Montana Sapphires
Montana sapphire can be found along the Missouri River District (Helena), Dry Cottonwood Creek(Deer Lodge), and Rock Creek(Philipsburg). These locations are in the western side of Montana.
Montana sapphire and diamond ring set in our store.Several sapphire bars can be found along the Missouri River, including the Spokane Bar, the Dana Bar and the El Dorado Bar. The El Dorado bar is one of the most famous bars due to its large deposits of both gold and sapphires. The El Dorado strike was one of the few mining operations that was allowed to operate during World War II, due to its large quantity of sapphires available for use as abrasives for the war effort. In more recent times, the El Dorado bar was a fee-digging area where diggers could pay a fee and be able to dig for their own sapphires.
Rock Creek (popularly known as Gem Mountain) near Helena, Montana is one of Montana’s more important secondary deposits. Large quantities of sapphires have been produced from this area. During the Mid-1990’s over 3.5 million carats were produced from Gem Mountain. The Rock Creek sapphires can be found in many colors including blue, green, yellow, pink, purple, and orange. These sapphires (unlike Yogo Sapphires) are heat treated.

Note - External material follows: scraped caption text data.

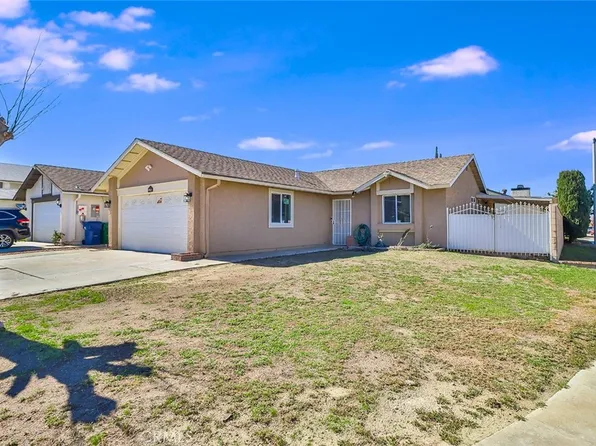 37525 Christina Ct, Palmdale, CA 93552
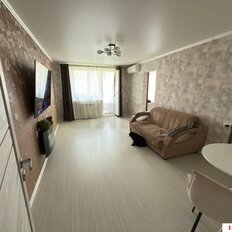 Квартира 74 м², 3-комнатная - изображение 2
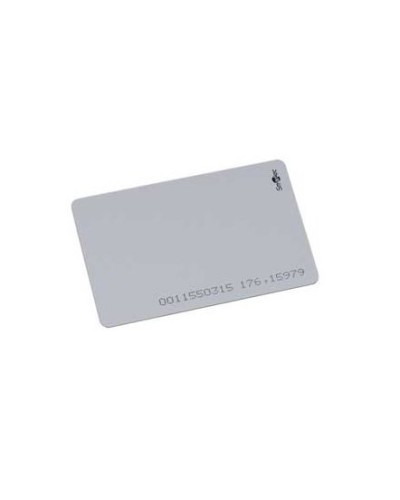 ST-PC022MP7. Карта Mifare стандартная. Smartec в Махачкале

Dry Cottonwood Creek flows northwest from the Continental Divide to join the Clark Fork River northwest of Butte. Sapphires have been mined from alluvial deposits along the South Fork of Dry Cottonwood Creek. Total production of sapphires in this area is less than that in other major sapphire deposits in Montana. Sapphires appear to be concentrated for about 2 miles along the South Fork of Dry Cottonwood Creek. They are also found in a small meadow close to the head of the South Fork. Common colors of the sapphires in this district range from pale blue to pale green to very pale blue to colorless. Some other colors that are less common include pink, pale orange, purplish pink, and amethyst. A few sapphires are dichroic, showing colors from pale green to pale blue.

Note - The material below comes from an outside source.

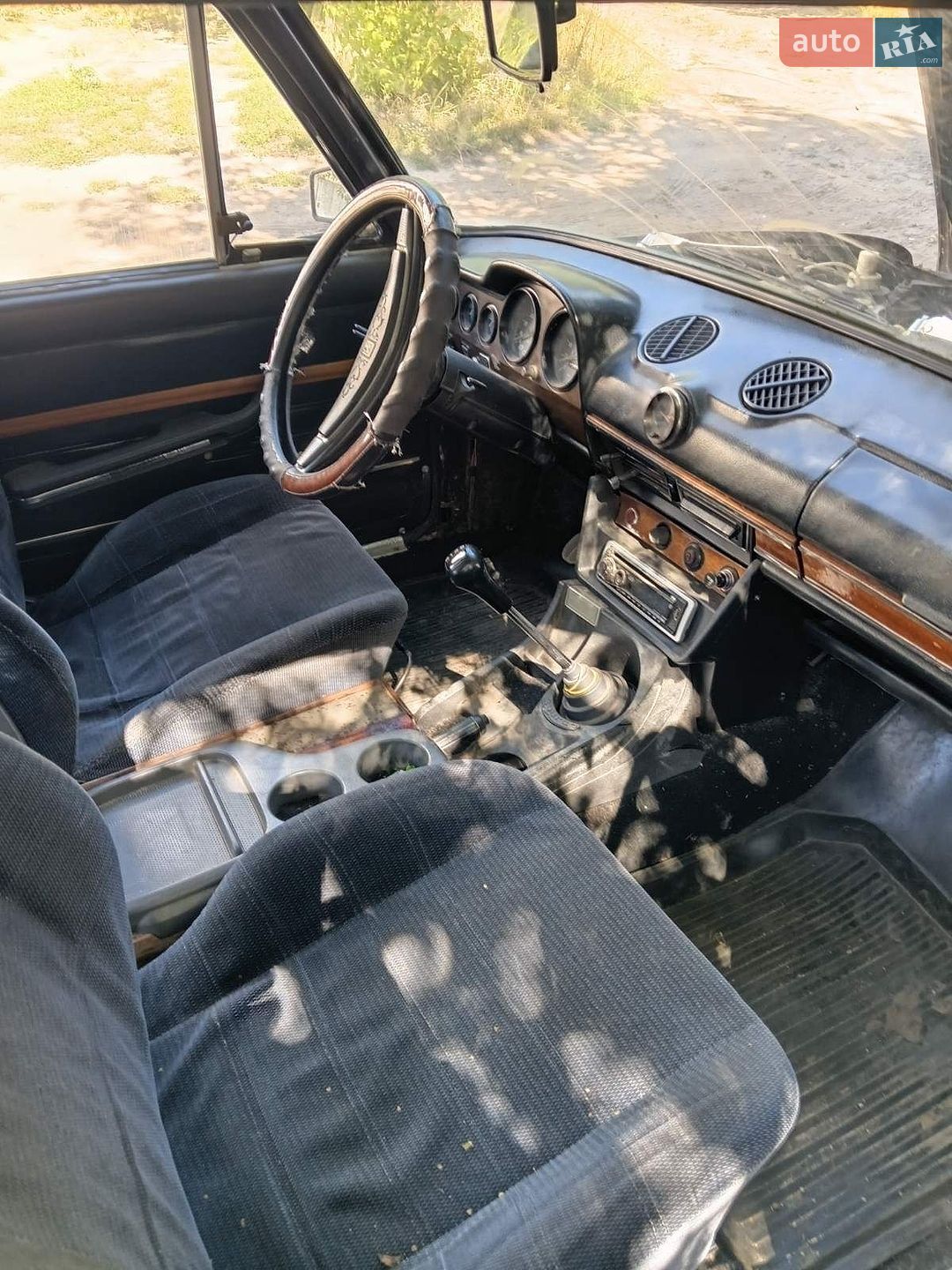 ВАЗ / Lada 2106 1988 VIN XTA210630K2065181 фото оголошення 7 з 8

Missouri River District sapphires occur in terrace gravels along a 22-mile stretch of the Missouri River northeast of Helena. They were first discovered by gold miners in 1865. Since then, at least seven individual deposits, called bars, have been mined for gold and sapphires. These bars are geologically known as strath terraces (A relatively horizontal, flat surface of gravel or other unconsolidated material that may have developed when a river was at a higher elevation.), where sapphire-bearing gravel was deposited by Missouri River. The largest of these is Eldorado Bar, which has an area of close to 2 square miles. Missouri River sapphires are typically pale green or pale bluish green. They are generally too pale to be sold as gems without heat treatment, but the percentage that responds to treatment is lower than those from Rock Creek. Rare deep blue sapphires, such as the Big Sky Sapphire recovered near French Bar in 1973, have also been found. The Missouri River features several sapphire bars including the Spokane Bar, the Dana Bar and the El Dorado Bar; these deposits are known as alluvium deposits. (Alluvium: from the Latin alluvius, from alluere, “to wash against” is loose, unconsolidated (not cemented together into a solid rock, soil or sediment that has been eroded, reshaped by water in some form, and redeposited in a non-marine setting.) In other words these deposits were created from the sapphires being eroded and washed down stream and settling in and around the banks of rivers and streams. It’s believed this is due to episodes of basin development and deformation in response to the Pacific tectonic plate folding below the western continental plate.